Embedded banking services through Bank of America integration are now part of Fusion. This simplifies treasury operations for organizations that use Bank of America for liquidity management. Payment initiation, liquidity forecasting, and bank connection management happen within Fusion rather than requiring separate banking platforms and manual reconciliation.
None of these changes are revolutionary individually. But collectively, they reflect a shift in how Oracle is building Fusion. The platform is consolidating capabilities that have traditionally required separate tools. Automation through AI agents is embedded at the process level, not bolted on afterward.
Agent Hub: Custom Automation at Your Fingertips
Oracle launched Agent Hub as a new OCI feature, allowing organizations to create and deploy custom AI agents tailored to their specific workflows. This is not prompt engineering. It is a structured framework for defining business rules, data access patterns, and action triggers that define how an agent behaves.

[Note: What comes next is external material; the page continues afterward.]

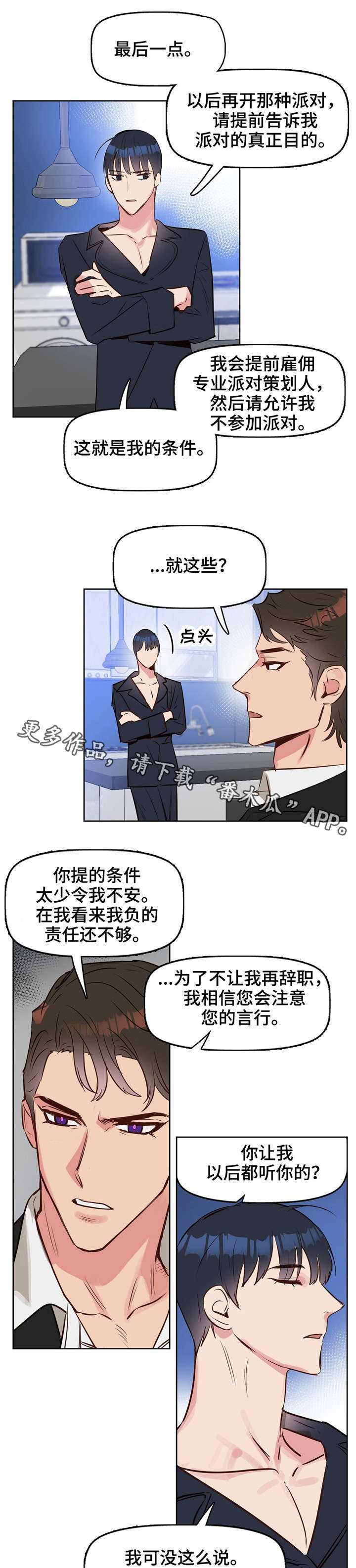 变异信息素番外漫画,第10章：吻1图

For larger organizations with specialized processes, Agent Hub eliminates the need to wait for Oracle to build agents for every unique workflow. You define the agent, point it at your data, and deploy it. The model runs on OCI infrastructure with full Fusion integration.
This capability signals that Oracle is moving beyond predefined agents to an agent-native architecture. Future Fusion updates will likely include more Agent Hub use cases and expanded customization options.
The Takeaway
The 26A release is a quiet step forward disguised as an incremental update. Three new agents do not sound like a major announcement, but they directly reduce manual work in three critical financial processes. Combined with expanded EPM capabilities, the new Data Intelligence Platform, and Agent Hub for customization, Fusion is becoming less of a transaction processing system and more of an operational intelligence platform.

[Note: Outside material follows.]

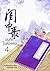 บันทึกในห้องหอ เล่ม 4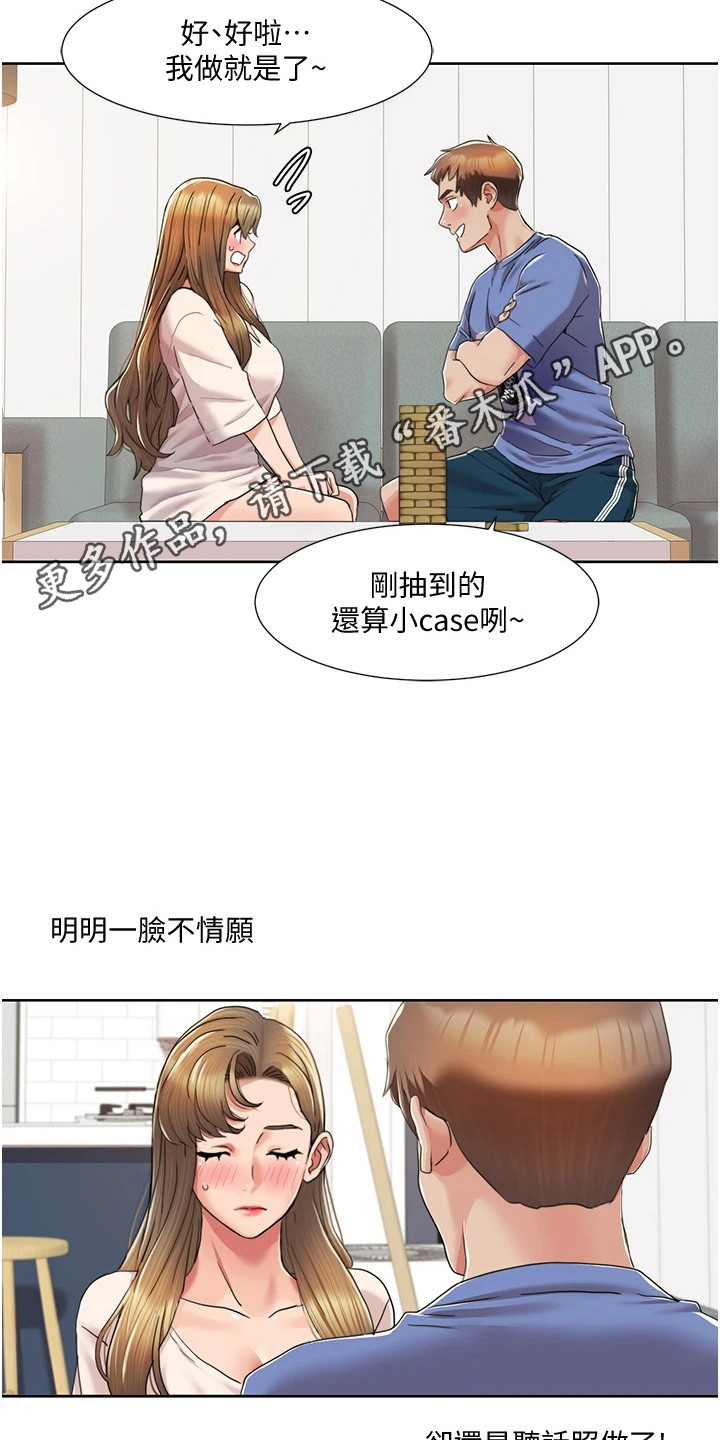 真实剧本漫画,第16章： 叠叠乐5图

For finance and operations teams, this means the math of Fusion ownership is changing. The platform increasingly automates exception handling and routine validation. Your team can focus on analysis, strategy, and optimization rather than exception queue management.
The quarterly update mandate remains a real operational constraint. But these agents are designed to make that cadence manageable rather than burdensome. Plan accordingly, test thoroughly, and prepare to shift how your team actually spends its time.